Is North Korea's leader Kim Jong-un rational?
- Published
Is Kim Jong-un rational? The new US ambassador to the United Nations thinks he is not. Nikki Haley said after North Korea's simultaneous launch of four ballistic missiles: "This is not a rational person." But is she right?
Kim Jong-un may have many flaws. He is without doubt ruthless - the bereaved relatives of the victims of his regime, including within his own family, would testify to that. He may have driven through an economic policy that keeps his people living at a standard way below that in South Korea and, increasingly, China.
And he seems to have personal issues, such as eating a lot - photographs show his bulging girth - and being a fairly heavy smoker.
But whatever these failings and foibles, is he actually irrational - which the Oxford English Dictionary defines as "not logical or reasonable, not endowed with the power of reason"?
Scholars who study him think he is behaving very rationally, even with the purging and terrorising of those around him. Prof Andrei Lankov of Kookmin University in Seoul told the BBC: "He is perfectly rational. He sometimes overdoes it.
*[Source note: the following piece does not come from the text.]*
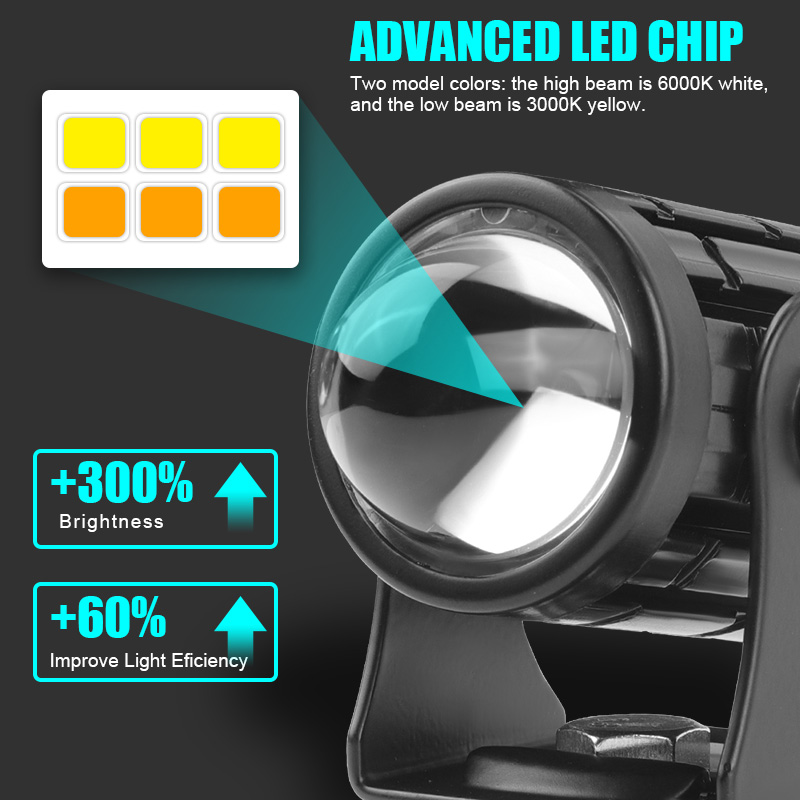 2X White LED Mini Motorcycle Headlight – Hi/Lo Spot Light, 12W Each, IP67, For ATV SUV Dirt Bike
He sometimes tends to apply excessive force. Why kill hundreds of generals when dozens will do?
"Most people he kills would never join a conspiracy but he feels it's better to overdo it. It's better to kill nine loyal generals and one potential conspirator than to allow a conspirator to stay alive.
"But he is rational."
Prof John Delury of Yonsei University in Seoul said that even having his half-brother killed (as the allegation is - denied by Pyongyang) would be a rational act; not nice but rational.
"A sad fact of history is that young kings often kill their uncles and elder brothers. It may be cruel, but it is not 'irrational'. If you don't take my word for it, read Shakespeare."
On this assassination of Kim Jong-nam, allegedly at the hands of agents of the regime, Prof Lankov says it is similar to the Ottoman Empire, where concubines of the Sultan had countless children, any of whom had a bloodline that might one day legitimise a claim to the throne.
Prof Lankov thinks that Kim Jong-nam was, accordingly, a threat, probably not that great a one but still intolerable: "Probably he was not that dangerous but you never know. He was definitely under Chinese control."
Prof Delury said that there was nothing irrational about Kim Jong-un's drive to obtain credible nuclear weapons: "He has no reliable allies to guarantee his safety, and he faces a hostile superpower that has, in recent memory, invaded sovereign states around the world and overthrown their governments.
"The lesson North Koreans learned from the invasion of Iraq was that if Saddam Hussein really possessed those weapons of mass destruction, he might have survived."
This was compounded by the lesson of Libya, according to Prof Lankov: "Did American promises of American prosperity help Gaddafi and his family? Kim Jong-un knows perfectly well what happened to the only fool who believed Western promises and renounced the development of nuclear weapons. And he's not going to make that mistake. Once you don't have nuclear weapons you are completely unprotected.
"Did Russian or American and British promises to guarantee Ukrainian integrity help Ukraine? No. Why should he expect American, Russian or Chinese promises to help him stay alive? He is rational."
If he is rational, what does he want? On this, scholars are divided. Prof Brian Myers of Dongseo University in Busan in South Korea said that Kim Jong-un wants security but also a united Korea as the only way he and the regime can survive in the long term.
"As every North Korean knows, the whole point of the military-first policy is 'final victory', or the unification of the peninsula under North Korean rule."
A credible nuclear force would give him the ability to pressure the United States to remove its troops from the peninsula.
"North Korea needs the capability to strike the US with nuclear weapons in order to pressure both adversaries into signing peace treaties. This is the only grand bargain it has ever wanted," said Prof Myers.
And once the US troops had gone, on this argument, North Korean rule would be unstoppable.
Prof Lankov doesn't agree with the emphasis. He thinks survival is by far the most important motive behind Kim Jong-un's actions: "Above all, he wants to stay alive. Second, economic prosperity and growth - but it's a distant second."
So what's to be done? Prof Lankov sees no good options: "I don't see any solution right now." He thinks the best option is to persuade North Korea to freeze its development of nuclear weapons at a particular size of arsenal "but it will be very difficult and North Koreans may not keep their promises".
And money would have to be paid. "But this deal isn't good from an American point of view because it means paying a reward to a blackmailer, and if you pay a reward to a blackmailer once, you invite more blackmail.
"The second option which might work is a military operation but that is likely to trigger a second Korean war and will permanently damage American credibility as a reliable ally and protector.
"Worldwide, a lot of people would see that it's better to have enemies than such friends."